Copper Falls on Continuing Deadlock Over U.S. Borrowing Limit

Copper futures fell in New York for the second time in three sessions on concern that a congressional impasse over increasing the U.S. debt ceiling poses a risk to global growth.

There are signs that a congressional budget stalemate that partially shut the federal government may carry over to talks on raising the debt ceiling. House Speaker John Boehner said the U.S. could end up in default unless President Barack Obama negotiates, and Treasury Secretary Jacob J. Lew reiterated that the country will run out of its ability to borrow on Oct. 17.

“There’s the potential for a slowdown as this thing drags on,” Frank McGhee, the head dealer at Integrated Brokerage Services LLC in Chicago, said in a telephone interview. “The overhanging concern is that at a minimum you’ll have lingering effects on the economy at this point, even if they do manage to come to an agreement.”

Copper futures for delivery in December slid 0.1 percent to settle at $3.2965 a pound at 1:12 p.m. on the Comex in New York.
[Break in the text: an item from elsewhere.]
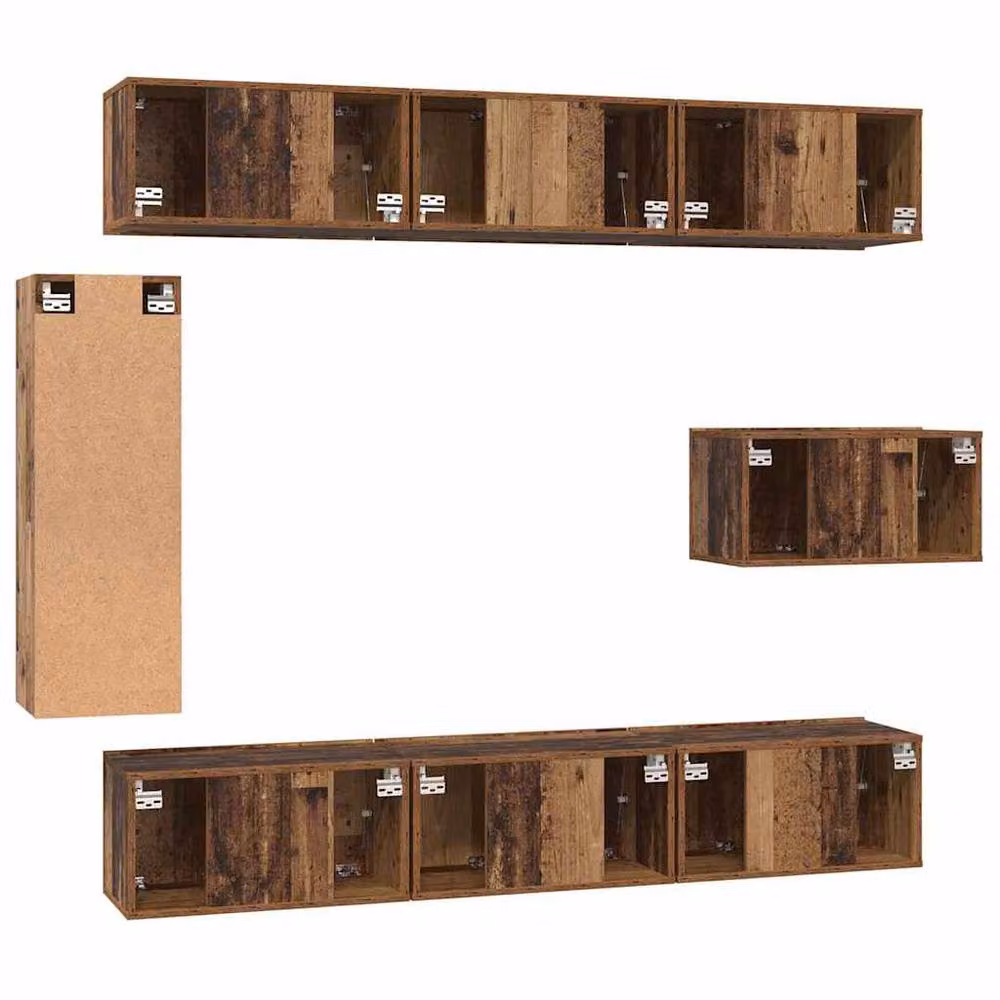 Berkfield Home 8-Piece Modern TV Cabinet Set in Brown Old Wood, W/D/H: 30.5 x 30 x 90 cm – 4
The metal dropped 0.9 percent last week.

Trading was 36 percent below the average for the past 100 days, data compiled by Bloomberg show.

Futures also retreated as Standard Bank said in a report that growth in world supply of copper from mines will reach 4 percent or more annually in 2012-16, topping out next year at 6.1 percent. That compares with gains of less than 1 percent in four of the six years leading up to 2012, the bank said.

“One of the main reasons that copper prices have come under such sustained pressure is the realization that there is no holding back the rising tide of concentrate supply,” Standard Bank said. Concentrate is partly processed ore shipped to smelters from mines.

On the London Metal Exchange, copper for delivery in three months dropped 0.2 percent to $7,245 a metric ton ($3.29 a pound). Aluminum, lead and zinc gained, while nickel and tin fell. Markets in China, the world’s biggest copper consumer, will reopen tomorrow after closing since Oct. 1 for national holidays.